**About this exercise**: Use the entries below and reproduce exactly the lines from the one containing "Lake, marina. Fotosearch" down to the one containing "Sydney Opera House", both of them included.
──────── Material for this task ────────
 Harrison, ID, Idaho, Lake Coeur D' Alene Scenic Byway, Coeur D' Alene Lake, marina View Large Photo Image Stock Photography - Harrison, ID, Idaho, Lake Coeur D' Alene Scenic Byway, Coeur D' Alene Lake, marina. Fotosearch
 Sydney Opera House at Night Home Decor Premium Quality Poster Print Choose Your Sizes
────────
──────── Material for this task ────────
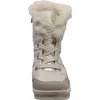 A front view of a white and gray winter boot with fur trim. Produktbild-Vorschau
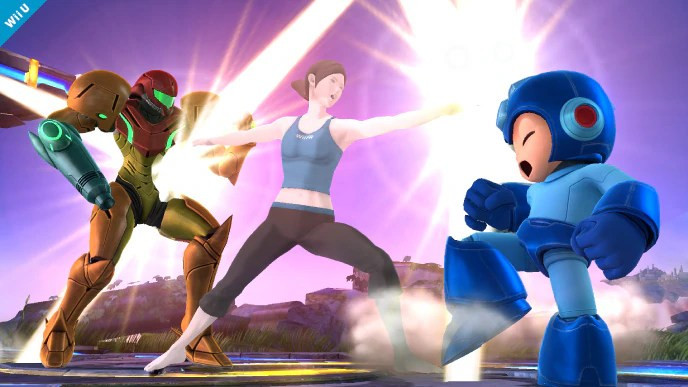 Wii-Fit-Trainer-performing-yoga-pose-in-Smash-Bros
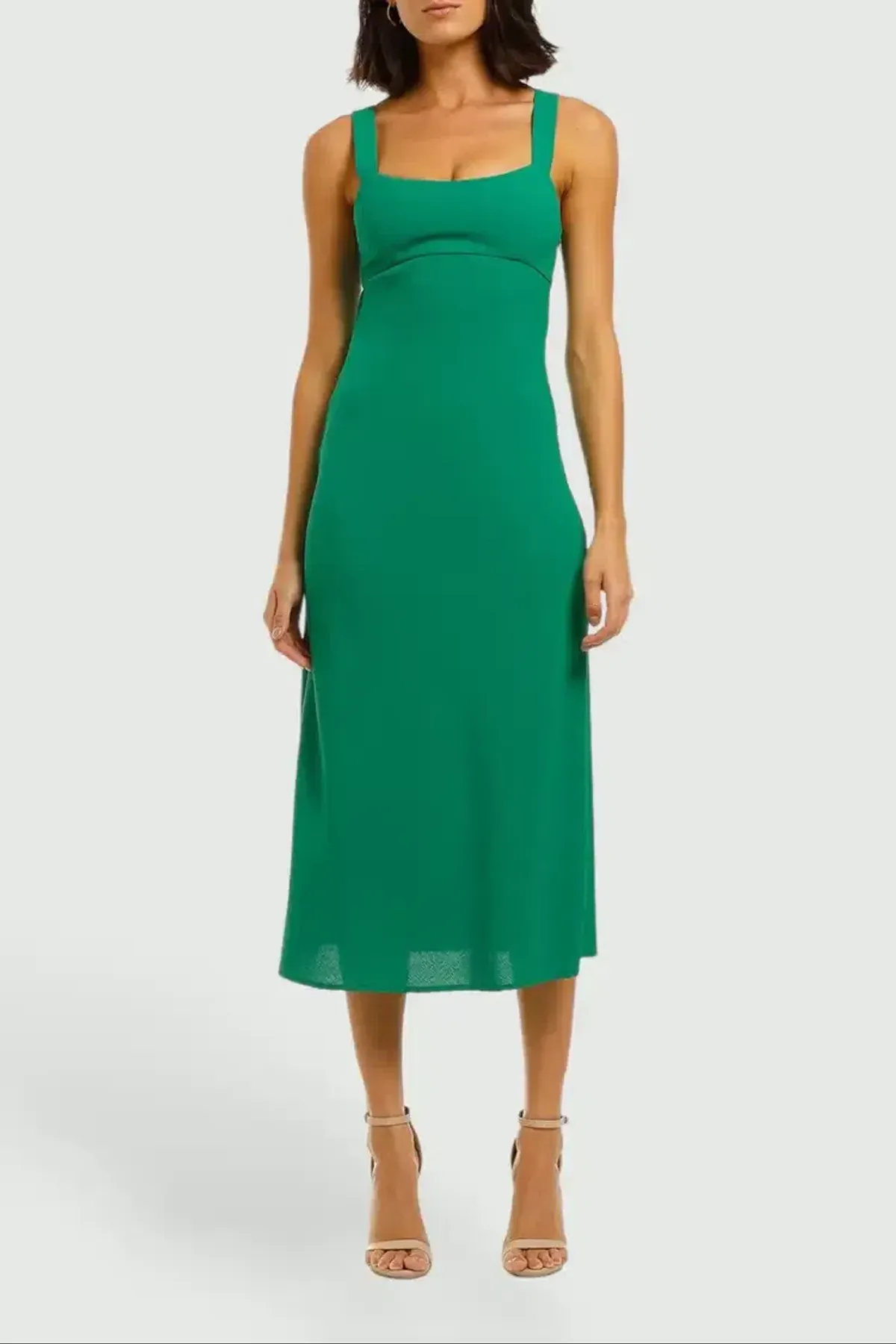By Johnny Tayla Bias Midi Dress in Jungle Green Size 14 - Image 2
────────
──────── Material for this task ────────
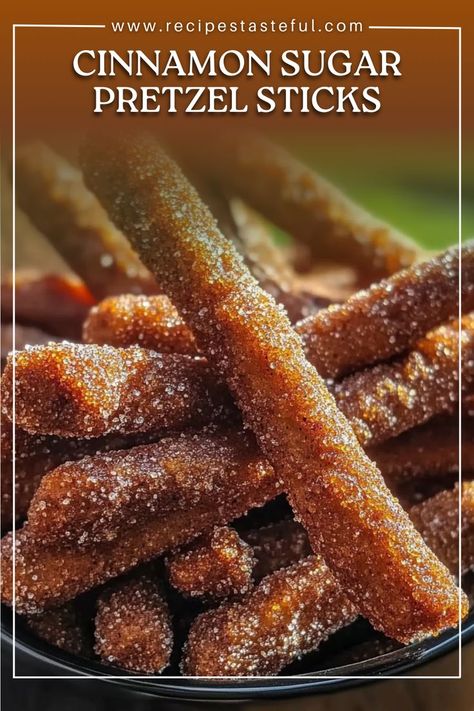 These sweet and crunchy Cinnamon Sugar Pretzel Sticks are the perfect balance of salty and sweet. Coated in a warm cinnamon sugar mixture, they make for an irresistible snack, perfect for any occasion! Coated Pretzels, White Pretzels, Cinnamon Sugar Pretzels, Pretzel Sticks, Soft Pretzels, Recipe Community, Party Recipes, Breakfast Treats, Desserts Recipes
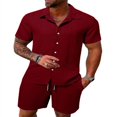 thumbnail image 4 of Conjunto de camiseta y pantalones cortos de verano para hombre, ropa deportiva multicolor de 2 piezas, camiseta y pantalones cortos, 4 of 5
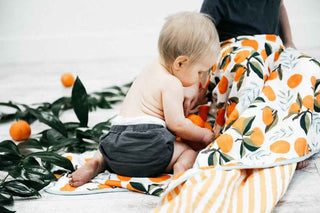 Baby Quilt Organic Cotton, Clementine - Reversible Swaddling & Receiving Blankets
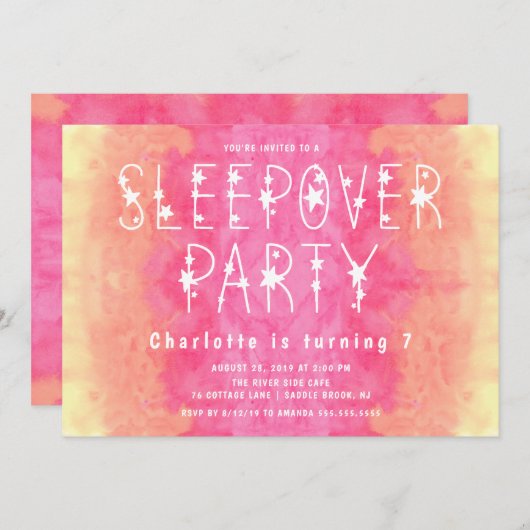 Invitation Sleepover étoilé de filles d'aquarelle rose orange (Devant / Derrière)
────────
**Response to this task**:
 Harrison, ID, Idaho, Lake Coeur D' Alene Scenic Byway, Coeur D' Alene Lake, marina View Large Photo Image Stock Photography - Harrison, ID, Idaho, Lake Coeur D' Alene Scenic Byway, Coeur D' Alene Lake, marina. Fotosearch
 Sydney Opera House at Night Home Decor Premium Quality Poster Print Choose Your Sizes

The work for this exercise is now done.